▶ [Your goal] For the entries below, return the line holding "So the first" together with all lines after it, unchanged, and leave every picture out.

(Stored data entries)
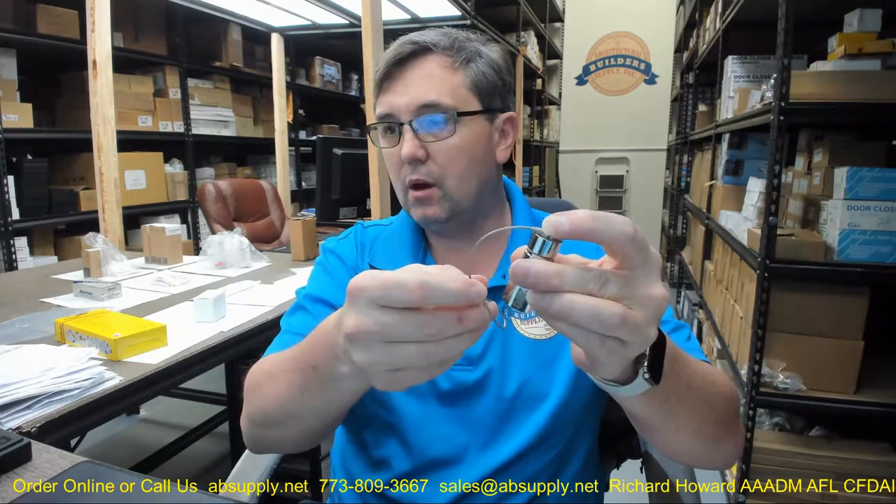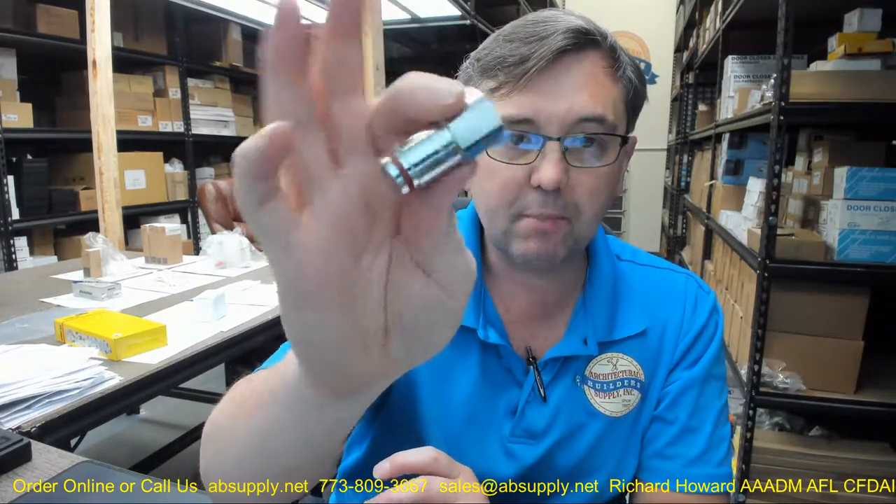This is a 260 nozzle — an Ansel wet system part. This is a 260 nozzle and this is going to be compatible with those applications.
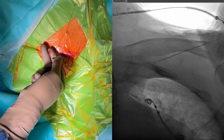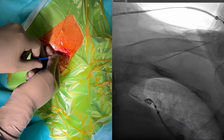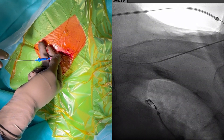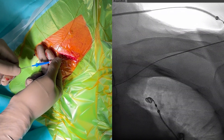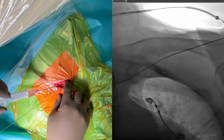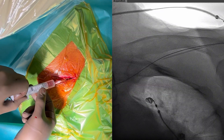After venous blood returned into the syringe we can now advance the guide wire. Be careful not to advance the guide wire into the jugular vein but rather downwards to the superior caval vein. Note also how the puncture has at least a 30 degree angle as compared to the skin, typical for axillary vein punctures.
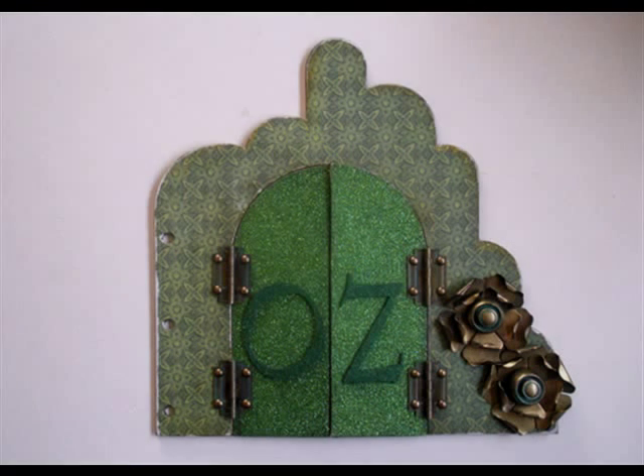Hey everybody, welcome. It's Mike and Leslie from Jack and Cat Curio. Today we thought we'd talk you through how best to do the front panel of your Emerald City chipboard album by Leaky Shed Studio.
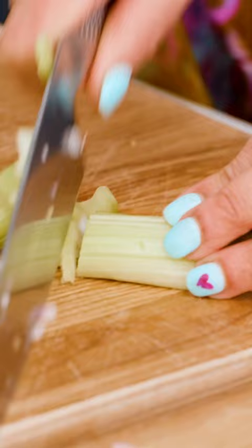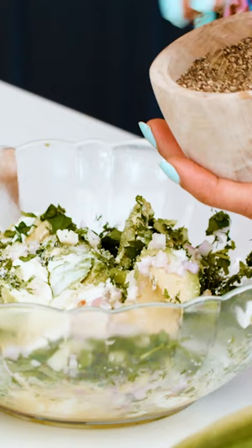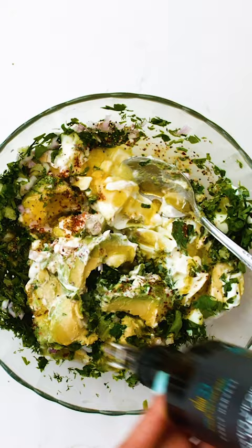Gonna chop up a good bunch of parsley, same thing with the dill, kosher salt, some black pepper, red pepper flakes, a good drizzle of extra virgin olive oil.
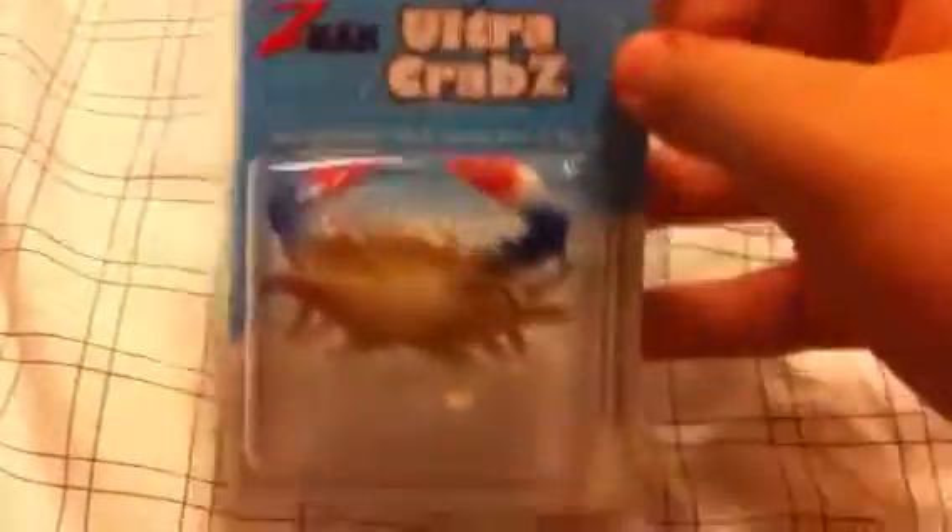Hey everybody, I'm back for another fishing review. Today we're doing the Z-Man Ultra Crabs. Now these are something I personally love. This one comes pre-rigged and it was $8.54, as you can see here.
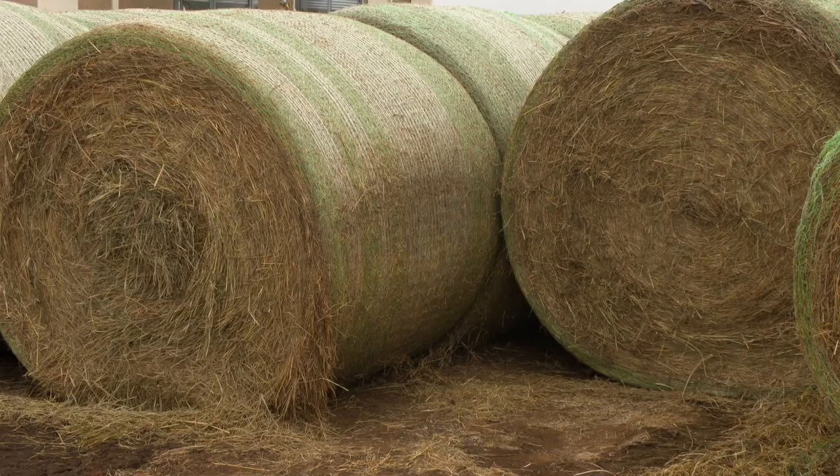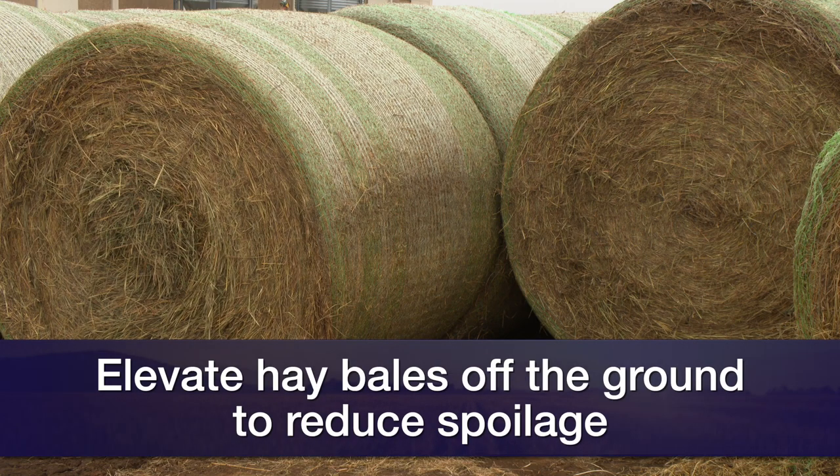So the first thing we want to talk about this week is selection of a site to store our hay and the possibility of elevating that hay just a little bit. Drainage and keeping moisture away from those hay bales is critically important to reduce the amount of spoilage. If we're just selecting a site to unload some hay and put it in rows, better elevation is going to work to our advantage. Minimizing shade around that helps further, and if we can get those bales off the ground and prevent moisture from getting up into them, it's going to preserve that hay a lot better.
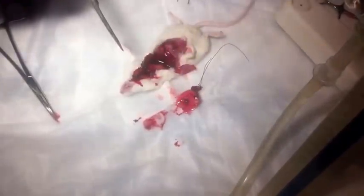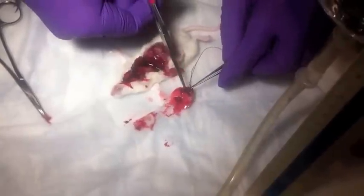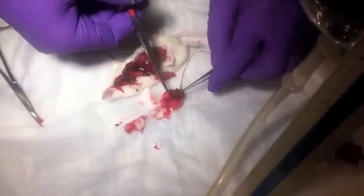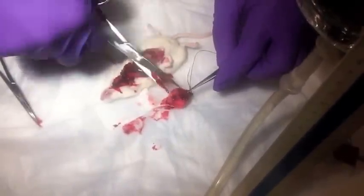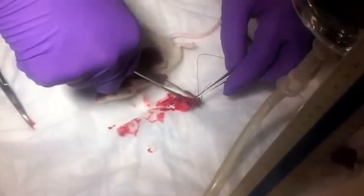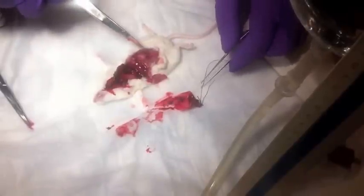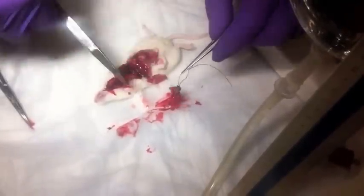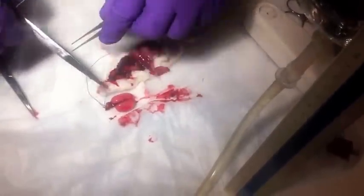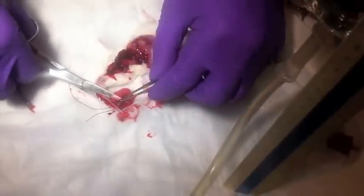Now we need to dissect off the heart. The heart could be taken off in the thorax, but there's generally more blood, so it's easier to do it after you've removed everything from the thorax. Then we can go on the other side and do some more trimming to get rid of the esophagus that's stuck to the trachea.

▶ [Answer box]
So the first thing we want to talk about this week is selection of a site to store our hay and the possibility of elevating that hay just a little bit. Drainage and keeping moisture away from those hay bales is critically important to reduce the amount of spoilage. If we're just selecting a site to unload some hay and put it in rows, better elevation is going to work to our advantage. Minimizing shade around that helps further, and if we can get those bales off the ground and prevent moisture from getting up into them, it's going to preserve that hay a lot better.
Now we need to dissect off the heart. The heart could be taken off in the thorax, but there's generally more blood, so it's easier to do it after you've removed everything from the thorax. Then we can go on the other side and do some more trimming to get rid of the esophagus that's stuck to the trachea.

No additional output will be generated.